▶ **Instructions to follow**
Each line below from the one containing "Morea - 1 - Le Sang des Anges : page 40" through the one containing "Elegance Ballet Studio Dancer" is to be given again exactly, and no line outside that span.

▶ **Records for processing**
--- START ---
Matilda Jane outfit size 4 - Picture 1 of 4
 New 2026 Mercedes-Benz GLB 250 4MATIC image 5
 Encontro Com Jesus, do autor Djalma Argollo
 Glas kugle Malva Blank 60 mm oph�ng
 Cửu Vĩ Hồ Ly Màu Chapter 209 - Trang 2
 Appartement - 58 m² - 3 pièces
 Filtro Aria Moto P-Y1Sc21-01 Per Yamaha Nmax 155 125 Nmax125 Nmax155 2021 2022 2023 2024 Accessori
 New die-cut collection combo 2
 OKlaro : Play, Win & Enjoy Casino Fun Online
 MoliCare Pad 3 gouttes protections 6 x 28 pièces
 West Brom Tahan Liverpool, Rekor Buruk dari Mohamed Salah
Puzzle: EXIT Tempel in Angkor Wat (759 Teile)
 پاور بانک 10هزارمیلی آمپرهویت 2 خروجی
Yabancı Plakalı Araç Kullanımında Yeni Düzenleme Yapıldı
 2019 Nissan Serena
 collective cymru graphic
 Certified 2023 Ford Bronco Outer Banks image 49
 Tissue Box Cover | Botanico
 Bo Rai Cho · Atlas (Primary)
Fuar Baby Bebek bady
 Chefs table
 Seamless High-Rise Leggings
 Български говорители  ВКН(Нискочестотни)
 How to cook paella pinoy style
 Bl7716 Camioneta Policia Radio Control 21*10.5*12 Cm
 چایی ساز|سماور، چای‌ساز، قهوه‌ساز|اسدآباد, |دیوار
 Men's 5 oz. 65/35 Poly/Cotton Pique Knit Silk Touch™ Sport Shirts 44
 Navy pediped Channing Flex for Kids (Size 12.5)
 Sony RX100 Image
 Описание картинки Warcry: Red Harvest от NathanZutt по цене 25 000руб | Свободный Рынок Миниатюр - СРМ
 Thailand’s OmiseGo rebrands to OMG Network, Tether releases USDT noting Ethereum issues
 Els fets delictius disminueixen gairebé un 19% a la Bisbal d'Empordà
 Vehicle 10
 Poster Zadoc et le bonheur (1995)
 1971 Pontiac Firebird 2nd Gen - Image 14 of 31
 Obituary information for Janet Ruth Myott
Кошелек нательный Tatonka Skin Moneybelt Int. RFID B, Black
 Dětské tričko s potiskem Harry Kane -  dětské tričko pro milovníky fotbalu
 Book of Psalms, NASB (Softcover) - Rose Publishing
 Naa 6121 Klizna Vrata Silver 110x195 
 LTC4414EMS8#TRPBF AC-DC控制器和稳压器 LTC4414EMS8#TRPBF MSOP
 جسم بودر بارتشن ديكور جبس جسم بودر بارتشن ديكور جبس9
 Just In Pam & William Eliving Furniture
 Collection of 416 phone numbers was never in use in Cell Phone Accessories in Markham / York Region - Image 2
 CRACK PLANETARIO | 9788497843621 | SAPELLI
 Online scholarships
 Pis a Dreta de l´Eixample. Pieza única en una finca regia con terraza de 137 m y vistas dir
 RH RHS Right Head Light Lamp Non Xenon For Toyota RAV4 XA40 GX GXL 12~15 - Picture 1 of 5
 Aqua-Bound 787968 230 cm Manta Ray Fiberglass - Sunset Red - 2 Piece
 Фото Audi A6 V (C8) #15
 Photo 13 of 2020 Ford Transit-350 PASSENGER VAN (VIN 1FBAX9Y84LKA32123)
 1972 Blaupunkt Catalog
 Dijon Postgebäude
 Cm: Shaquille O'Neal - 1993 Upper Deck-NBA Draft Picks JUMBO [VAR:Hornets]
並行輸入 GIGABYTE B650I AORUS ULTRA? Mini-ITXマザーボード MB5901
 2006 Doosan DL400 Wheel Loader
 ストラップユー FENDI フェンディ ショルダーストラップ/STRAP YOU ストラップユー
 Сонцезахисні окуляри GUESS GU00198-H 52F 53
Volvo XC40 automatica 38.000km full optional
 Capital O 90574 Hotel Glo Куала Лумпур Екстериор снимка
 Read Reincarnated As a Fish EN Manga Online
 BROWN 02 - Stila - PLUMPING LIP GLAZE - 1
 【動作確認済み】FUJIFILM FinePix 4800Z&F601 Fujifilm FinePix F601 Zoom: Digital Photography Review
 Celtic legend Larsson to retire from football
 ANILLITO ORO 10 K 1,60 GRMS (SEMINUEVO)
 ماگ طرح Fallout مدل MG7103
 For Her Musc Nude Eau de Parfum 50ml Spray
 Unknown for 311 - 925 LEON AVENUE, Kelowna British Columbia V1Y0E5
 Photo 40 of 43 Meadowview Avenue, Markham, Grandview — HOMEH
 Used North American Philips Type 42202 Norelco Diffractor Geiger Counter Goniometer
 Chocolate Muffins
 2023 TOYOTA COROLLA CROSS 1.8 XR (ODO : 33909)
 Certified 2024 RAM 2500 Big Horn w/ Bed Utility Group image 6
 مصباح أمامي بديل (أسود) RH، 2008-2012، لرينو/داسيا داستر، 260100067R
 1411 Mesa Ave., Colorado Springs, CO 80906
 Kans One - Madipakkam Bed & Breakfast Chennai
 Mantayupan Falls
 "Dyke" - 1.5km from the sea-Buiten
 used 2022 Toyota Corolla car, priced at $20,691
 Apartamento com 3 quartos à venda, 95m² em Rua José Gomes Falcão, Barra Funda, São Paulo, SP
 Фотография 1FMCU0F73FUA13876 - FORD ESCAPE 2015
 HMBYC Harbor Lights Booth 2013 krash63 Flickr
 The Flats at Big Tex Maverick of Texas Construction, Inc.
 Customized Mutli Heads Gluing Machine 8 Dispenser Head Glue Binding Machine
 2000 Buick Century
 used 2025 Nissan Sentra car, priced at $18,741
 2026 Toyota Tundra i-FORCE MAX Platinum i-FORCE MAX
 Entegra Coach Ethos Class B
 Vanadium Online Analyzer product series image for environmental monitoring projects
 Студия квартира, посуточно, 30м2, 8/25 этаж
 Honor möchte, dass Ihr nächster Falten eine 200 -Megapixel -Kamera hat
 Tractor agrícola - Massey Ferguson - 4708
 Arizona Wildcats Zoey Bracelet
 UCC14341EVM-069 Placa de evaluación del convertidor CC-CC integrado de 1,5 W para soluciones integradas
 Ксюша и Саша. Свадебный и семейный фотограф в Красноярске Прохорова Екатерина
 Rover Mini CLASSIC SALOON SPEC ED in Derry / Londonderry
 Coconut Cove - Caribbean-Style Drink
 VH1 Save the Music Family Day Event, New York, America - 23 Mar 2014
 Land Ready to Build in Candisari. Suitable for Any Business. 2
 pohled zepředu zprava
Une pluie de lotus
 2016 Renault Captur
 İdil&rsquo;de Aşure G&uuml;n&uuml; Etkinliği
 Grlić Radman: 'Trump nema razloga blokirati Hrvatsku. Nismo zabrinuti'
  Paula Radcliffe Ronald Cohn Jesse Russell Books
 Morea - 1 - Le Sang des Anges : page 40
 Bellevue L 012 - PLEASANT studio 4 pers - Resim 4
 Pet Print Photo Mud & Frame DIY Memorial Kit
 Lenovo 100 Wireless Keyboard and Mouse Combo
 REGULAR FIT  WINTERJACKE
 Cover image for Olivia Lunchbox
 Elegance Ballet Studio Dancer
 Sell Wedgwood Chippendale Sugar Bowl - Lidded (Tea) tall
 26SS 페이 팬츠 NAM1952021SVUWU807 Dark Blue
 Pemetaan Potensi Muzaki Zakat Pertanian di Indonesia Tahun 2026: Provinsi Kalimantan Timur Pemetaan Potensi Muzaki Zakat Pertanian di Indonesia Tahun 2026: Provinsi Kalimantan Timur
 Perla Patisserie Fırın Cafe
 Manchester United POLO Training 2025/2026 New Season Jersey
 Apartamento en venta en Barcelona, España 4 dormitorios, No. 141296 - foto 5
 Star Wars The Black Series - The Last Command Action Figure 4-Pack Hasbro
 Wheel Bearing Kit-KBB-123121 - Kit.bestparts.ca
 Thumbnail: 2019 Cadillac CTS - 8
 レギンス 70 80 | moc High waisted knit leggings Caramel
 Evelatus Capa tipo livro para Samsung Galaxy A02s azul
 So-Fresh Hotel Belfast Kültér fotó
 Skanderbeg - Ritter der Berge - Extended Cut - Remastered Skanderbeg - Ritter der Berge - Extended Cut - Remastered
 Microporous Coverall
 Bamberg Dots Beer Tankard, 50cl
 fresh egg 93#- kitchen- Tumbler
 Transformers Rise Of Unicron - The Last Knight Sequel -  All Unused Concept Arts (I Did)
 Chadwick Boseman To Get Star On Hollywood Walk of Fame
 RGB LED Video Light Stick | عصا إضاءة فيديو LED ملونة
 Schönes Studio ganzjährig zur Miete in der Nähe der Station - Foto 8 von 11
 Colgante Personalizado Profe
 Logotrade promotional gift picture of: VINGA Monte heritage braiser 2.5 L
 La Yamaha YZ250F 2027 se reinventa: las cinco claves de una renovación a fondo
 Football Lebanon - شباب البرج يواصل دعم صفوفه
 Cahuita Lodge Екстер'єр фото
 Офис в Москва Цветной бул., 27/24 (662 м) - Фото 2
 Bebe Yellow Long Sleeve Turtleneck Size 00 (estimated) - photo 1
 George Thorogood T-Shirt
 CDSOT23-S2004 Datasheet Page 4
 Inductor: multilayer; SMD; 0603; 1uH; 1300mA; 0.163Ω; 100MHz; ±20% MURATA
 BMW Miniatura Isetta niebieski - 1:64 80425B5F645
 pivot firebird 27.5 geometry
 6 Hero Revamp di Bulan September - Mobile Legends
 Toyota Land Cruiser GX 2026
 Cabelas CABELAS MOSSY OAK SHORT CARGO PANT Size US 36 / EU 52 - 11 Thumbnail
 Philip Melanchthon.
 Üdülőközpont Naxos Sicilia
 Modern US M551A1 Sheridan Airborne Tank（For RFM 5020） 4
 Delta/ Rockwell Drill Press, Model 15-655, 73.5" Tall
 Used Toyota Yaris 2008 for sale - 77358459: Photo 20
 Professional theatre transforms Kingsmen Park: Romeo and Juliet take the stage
--- END ---
▶ **Solution**
 Morea - 1 - Le Sang des Anges : page 40
 Bellevue L 012 - PLEASANT studio 4 pers - Resim 4
 Pet Print Photo Mud & Frame DIY Memorial Kit
 Lenovo 100 Wireless Keyboard and Mouse Combo
 REGULAR FIT  WINTERJACKE
 Cover image for Olivia Lunchbox
 Elegance Ballet Studio Dancer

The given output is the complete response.